Work instruction: Begin the copy at the line containing "Продава се Тристаен" in the data below and end it at the line containing "难怪老公总往海滩跑，女人这么穿，美醉了，谁都忍不住多看几眼", keeping each line exact and leaving out pictures.

Extracted data:
- Opening Delimiter -
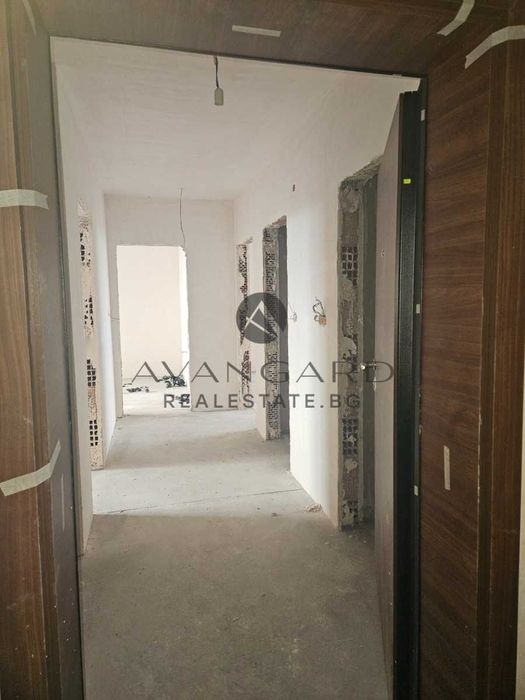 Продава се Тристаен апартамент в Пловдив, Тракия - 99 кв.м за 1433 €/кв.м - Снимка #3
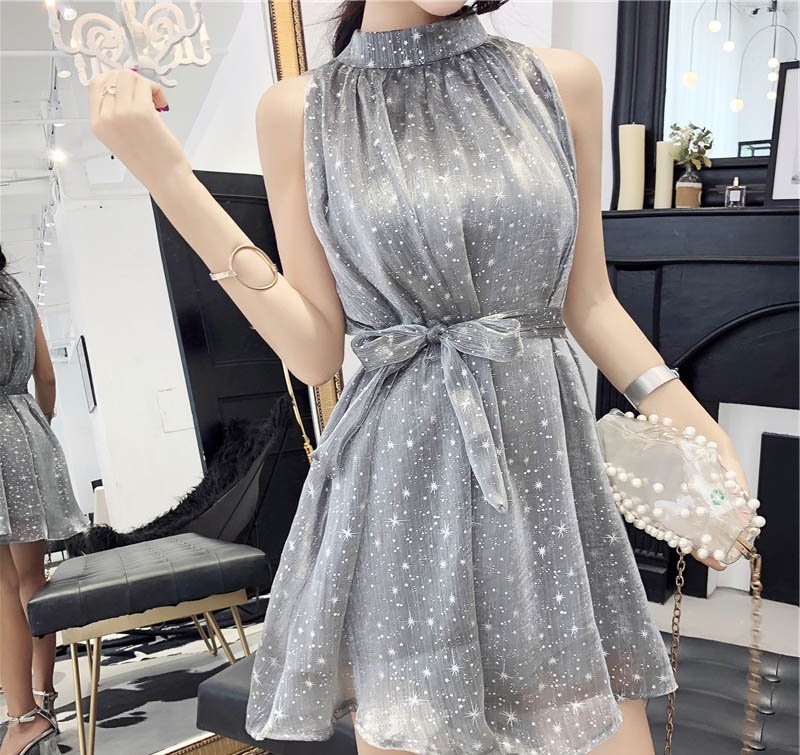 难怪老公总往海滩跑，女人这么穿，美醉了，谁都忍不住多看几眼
- Closing Delimiter -
- Opening Delimiter -
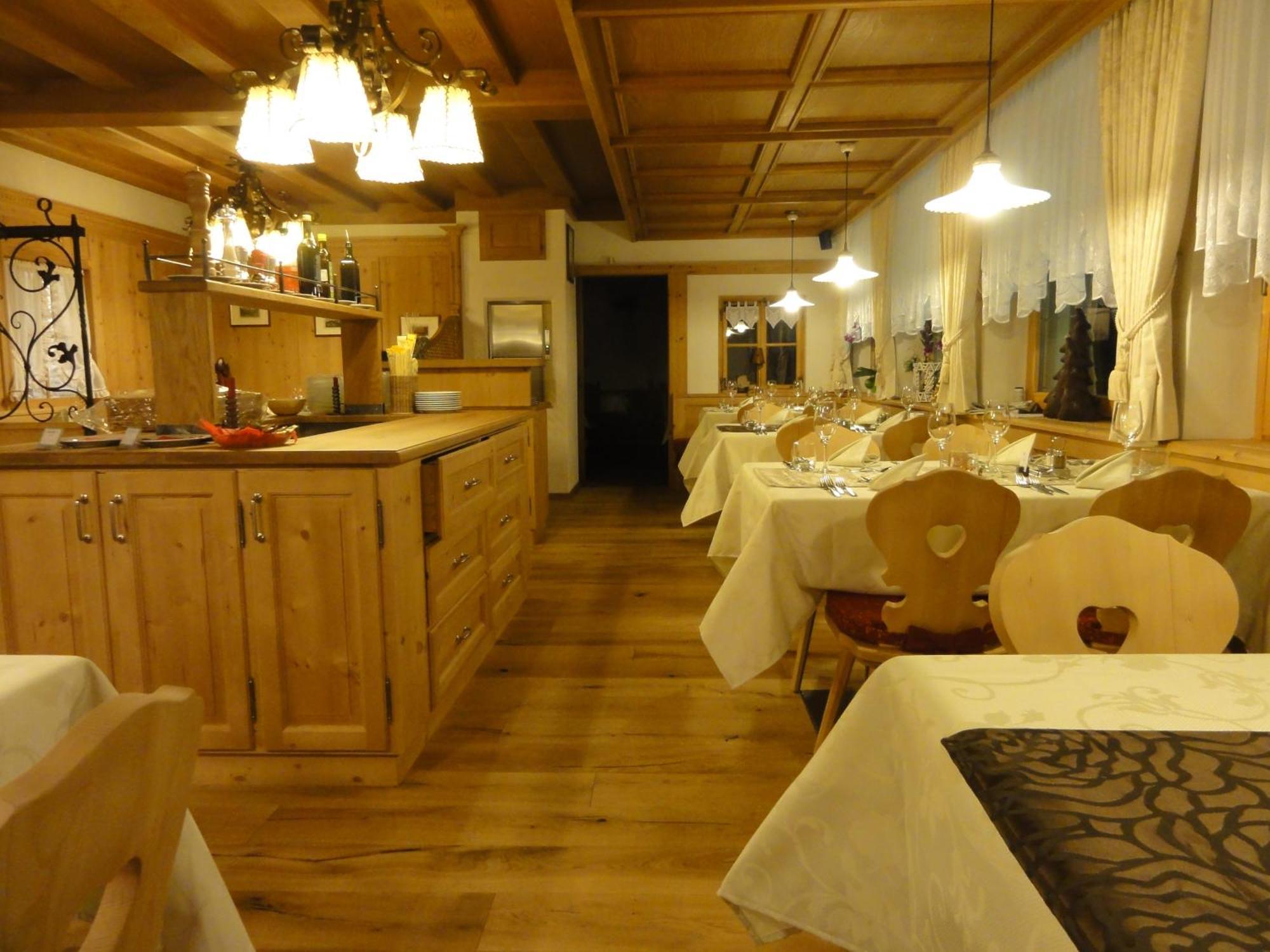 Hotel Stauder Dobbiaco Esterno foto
- Closing Delimiter -
Task response:
 Продава се Тристаен апартамент в Пловдив, Тракия - 99 кв.м за 1433 €/кв.м - Снимка #3
 难怪老公总往海滩跑，女人这么穿，美醉了，谁都忍不住多看几眼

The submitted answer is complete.